Solo City Jazz edisi ke-13 bukan sekadar festival musik—ia adalah perayaan atmosfer, identitas, dan semangat kota yang terus tumbuh dalam nada-nada yang hangat dan berani.
Dimulai sejak pukul 16.00 WIB, saat mentari mulai merunduk dan udara Solo menjadi lebih bersahabat, UTARA membuka panggung dengan nuansa nostalgia. Band asal Solo ini kembali setelah vakum cukup lama, membawakan lagu-lagu seperti Ruang Lain, Lelah Langkahku, dan Hujan di Hatiku yang direkomposisi khusus untuk malam itu.
"Ini bukan sekadar tampil, tapi penanda bahwa kami kembali," ujar Ipul, sang leader.
Aditya Ong Quartet menyusul dengan komposisi yang segar dan penuh eksplorasi. Love, Live and Hope menjadi pembuka, diikuti East, West, CNY Night dan Think, Re-Think, Action. Malam makin matang saat Aditya mengiringi Sandhy Sondoro, yang tampil selepas waktu Maghrib dan Isya.
Sandhy membawakan Anak Jalanan, Dariku Untukmu, Tak Pernah Padam, hingga Malam Biru, mengajak penonton bernyanyi dan larut dalam suasana.
Pung n Friends – Ing Jazz Triwindu, grup senior asal Solo, turut memanaskan panggung dengan lagu-lagu klasik dan jazz populer. Mereka juga mengiringi Wakil Wali Kota Solo, Astrid Widayani, yang membawakan Don't Know Why dengan penuh kelembutan.
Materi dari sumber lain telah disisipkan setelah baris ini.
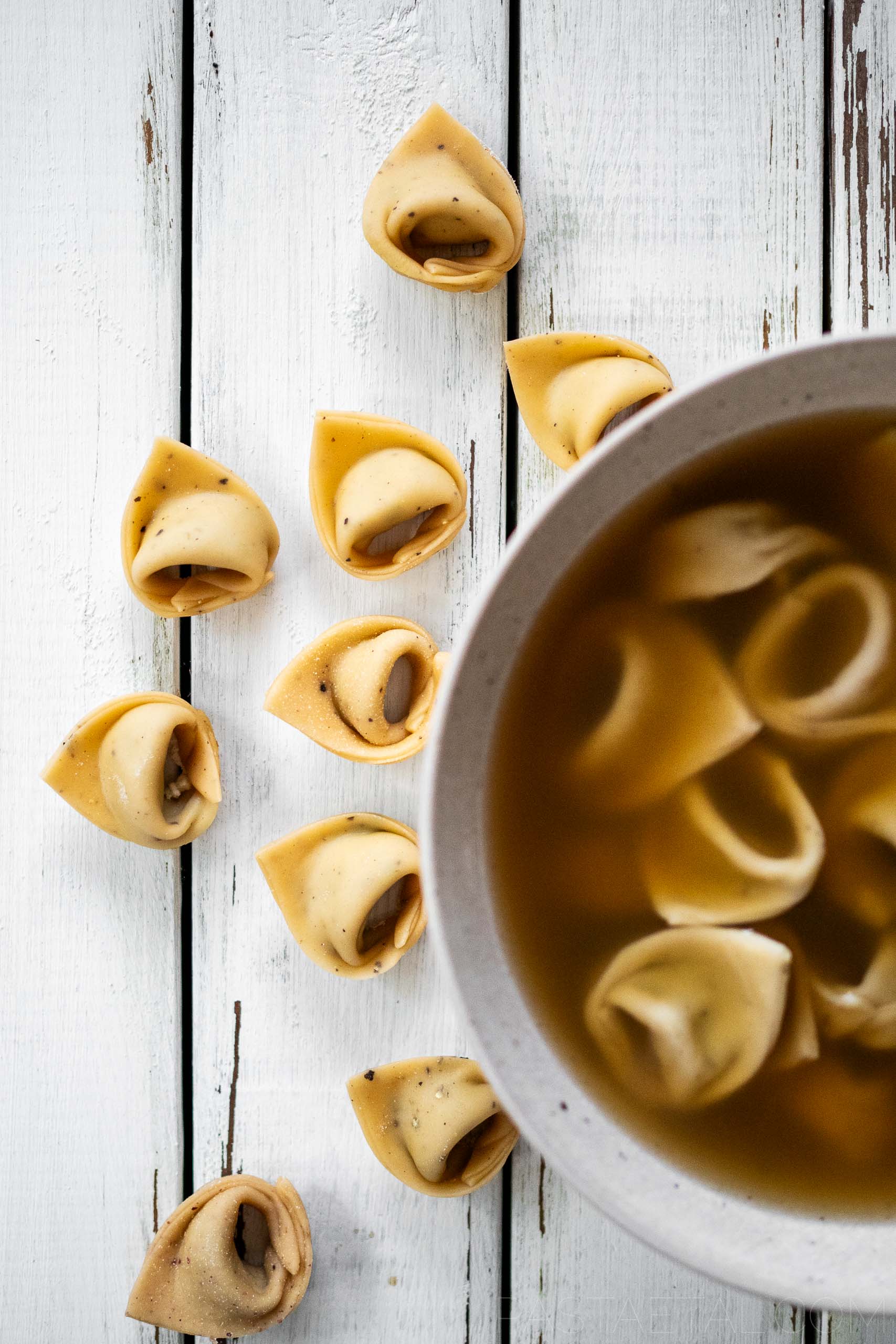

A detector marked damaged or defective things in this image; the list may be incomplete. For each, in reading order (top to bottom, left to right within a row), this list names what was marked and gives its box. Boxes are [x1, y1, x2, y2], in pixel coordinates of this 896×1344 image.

chipped white paint [0, 0, 184, 1338]
chipped white paint [188, 0, 508, 1338]
chipped white paint [515, 3, 822, 1344]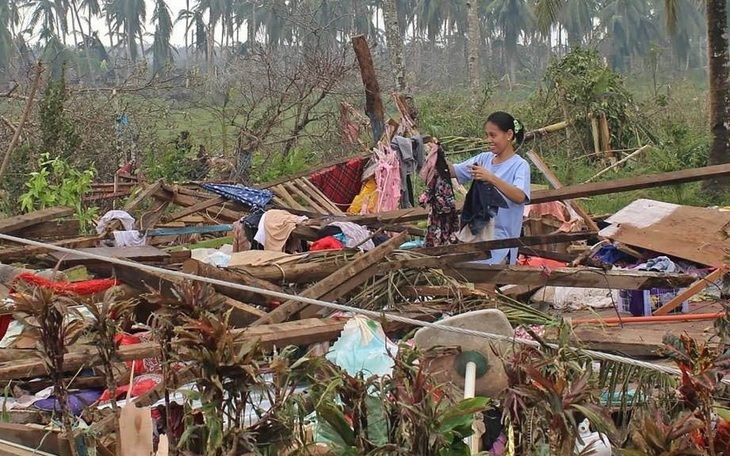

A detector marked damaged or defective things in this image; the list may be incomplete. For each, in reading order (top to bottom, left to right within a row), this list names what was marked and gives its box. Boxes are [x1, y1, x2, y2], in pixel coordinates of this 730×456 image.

torn tarp [199, 183, 272, 209]
broken wooden beam [0, 208, 74, 235]
broken wooden beam [181, 260, 282, 306]
broken wooden beam [253, 233, 406, 326]
broken wooden beam [444, 264, 692, 288]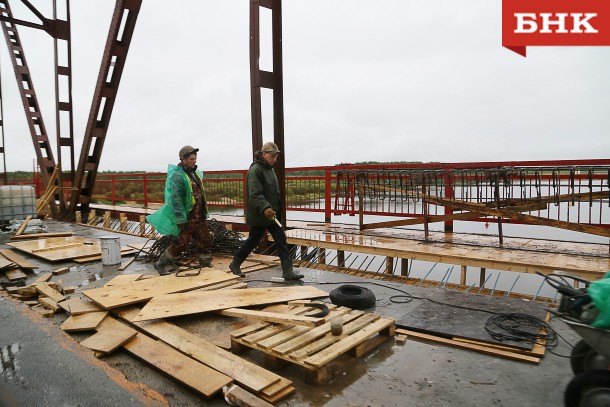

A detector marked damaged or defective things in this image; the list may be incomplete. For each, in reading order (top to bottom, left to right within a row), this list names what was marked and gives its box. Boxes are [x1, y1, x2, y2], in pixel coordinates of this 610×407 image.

rusty metal beam [0, 0, 57, 215]
rusty metal beam [68, 0, 142, 215]
rusty metal beam [247, 0, 284, 226]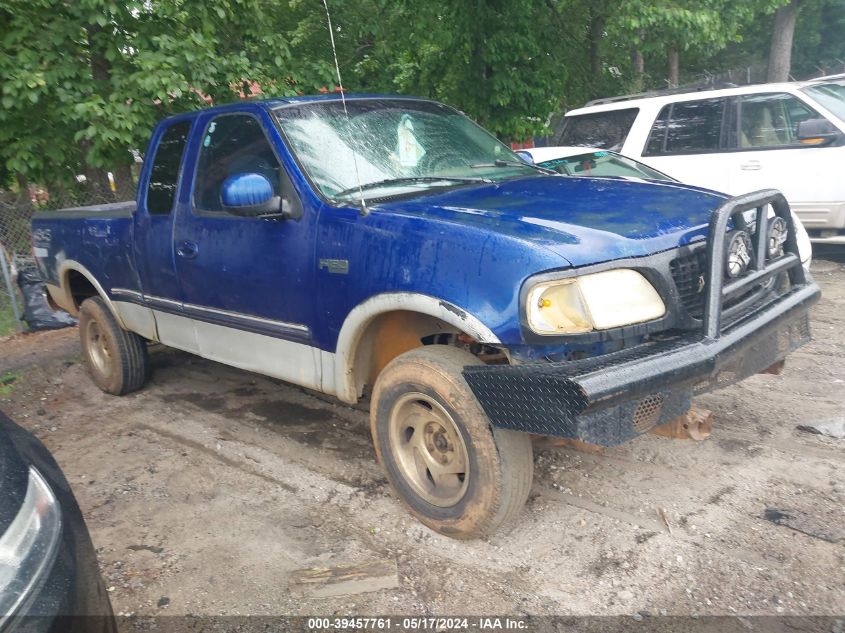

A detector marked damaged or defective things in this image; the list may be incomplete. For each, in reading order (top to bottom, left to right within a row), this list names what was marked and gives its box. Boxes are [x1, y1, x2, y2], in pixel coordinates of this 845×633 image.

cracked windshield [276, 99, 540, 200]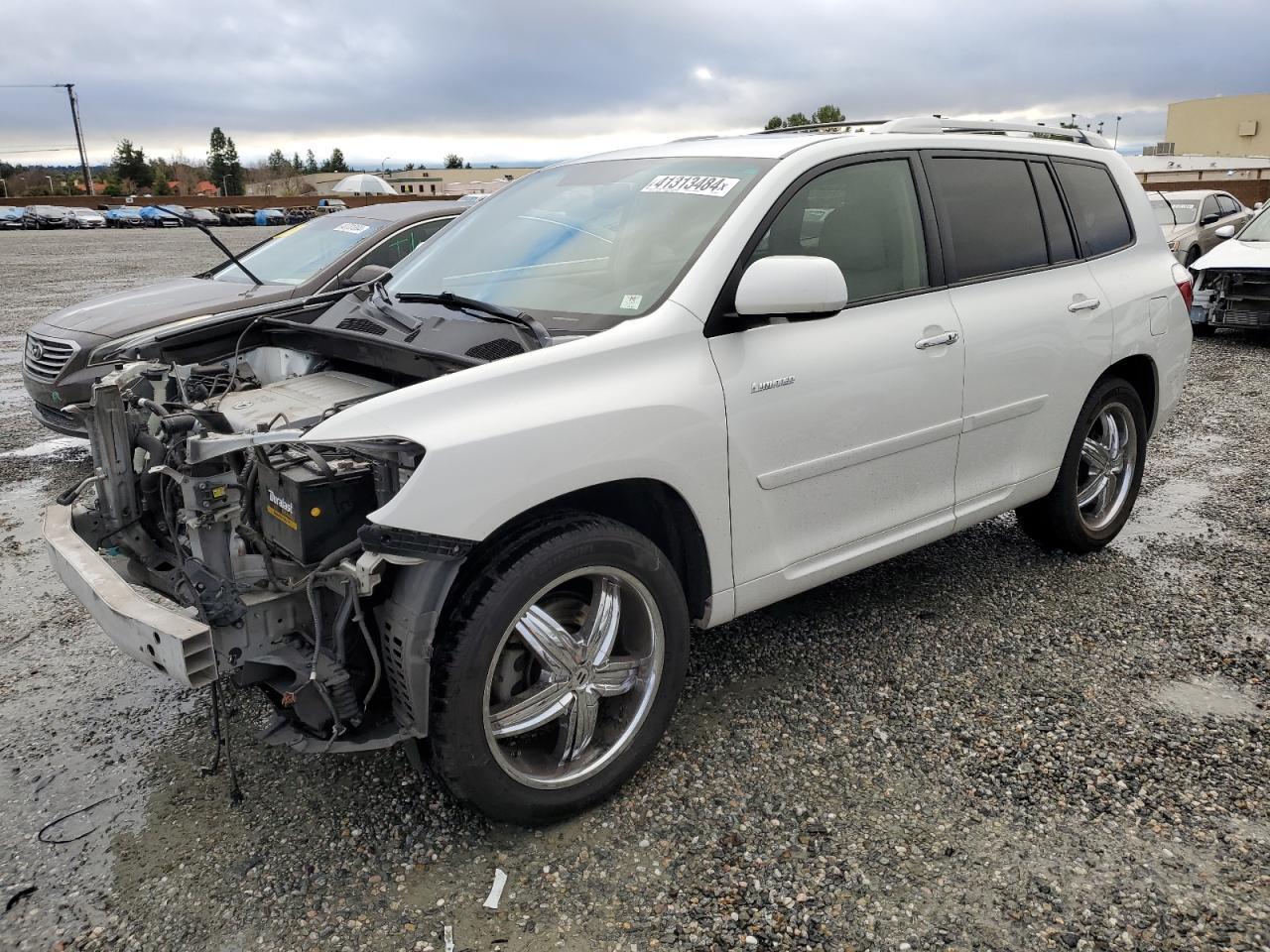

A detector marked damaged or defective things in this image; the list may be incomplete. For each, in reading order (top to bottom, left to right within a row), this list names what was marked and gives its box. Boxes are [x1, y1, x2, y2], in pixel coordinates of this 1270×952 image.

bumper cover missing [43, 502, 217, 686]
damaged white suv [42, 117, 1191, 817]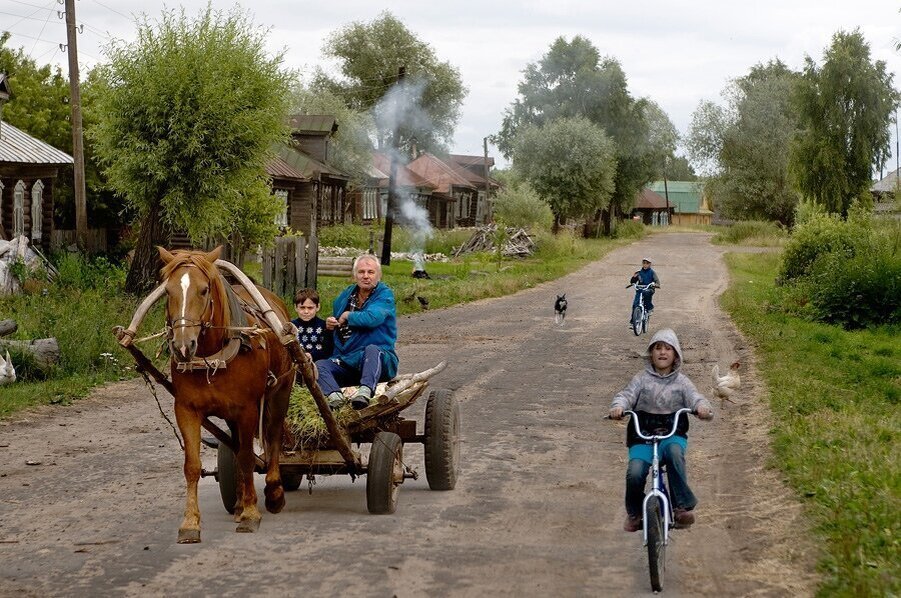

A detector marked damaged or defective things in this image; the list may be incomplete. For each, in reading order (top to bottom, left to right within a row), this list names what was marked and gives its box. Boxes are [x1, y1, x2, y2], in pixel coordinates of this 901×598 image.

rusty roof [0, 120, 73, 165]
rusty roof [288, 115, 338, 136]
rusty roof [408, 154, 478, 193]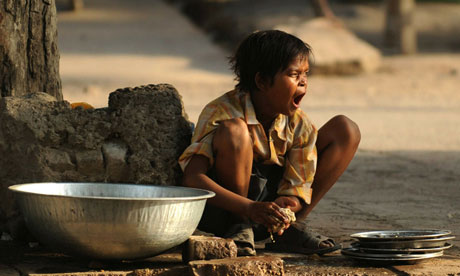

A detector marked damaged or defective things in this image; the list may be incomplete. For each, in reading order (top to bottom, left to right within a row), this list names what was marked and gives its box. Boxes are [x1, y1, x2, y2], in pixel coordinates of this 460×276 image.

tattered yellow shirt [178, 89, 318, 204]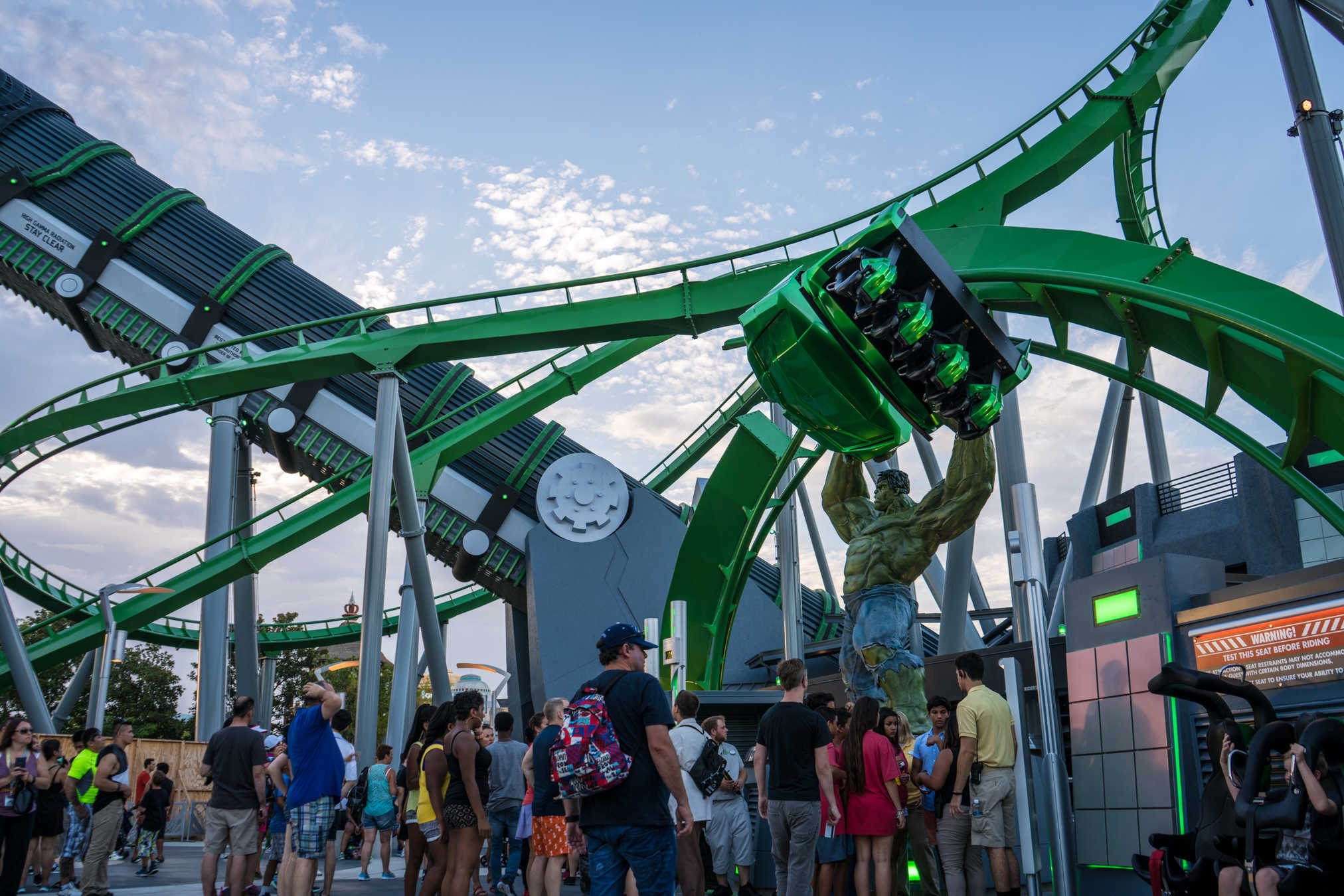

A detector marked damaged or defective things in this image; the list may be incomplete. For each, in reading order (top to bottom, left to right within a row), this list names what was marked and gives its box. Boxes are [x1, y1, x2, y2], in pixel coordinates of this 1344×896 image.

hulk statue's torn pants [838, 585, 924, 704]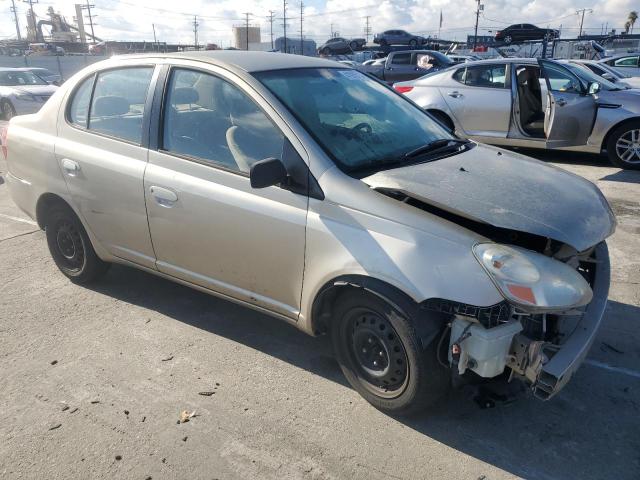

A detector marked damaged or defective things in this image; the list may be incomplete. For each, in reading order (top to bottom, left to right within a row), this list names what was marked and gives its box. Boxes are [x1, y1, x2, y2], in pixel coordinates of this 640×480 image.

damaged tan sedan [3, 51, 616, 412]
cracked asphalt [0, 148, 636, 478]
car front end damage [422, 242, 608, 400]
exposed headlight assembly [472, 244, 592, 312]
Dari komunitas Jazz Pinggir Kali Pepe, Pilipe tampil dengan komposisi instrumental yang kental, dipimpin oleh Sukat Puspaningrat. Margie Segers kemudian naik panggung, membawakan Fly Me to the Moon, Kesepian, dan Semua Bisa Bilang dengan gaya khasnya yang memikat. Ia bahkan turun menyapa penonton, menjadikan malam semakin hidup.
Float hadir sebagai kejutan pop-rock yang menyegarkan. Dengan vokal khas Meng dan lagu-lagu seperti Time, Emily, dan Pulang, mereka membawa warna baru ke dalam festival. Penonton menyambut dengan antusias, menjadikan penampilan mereka sebagai salah satu momen paling bergairah malam itu.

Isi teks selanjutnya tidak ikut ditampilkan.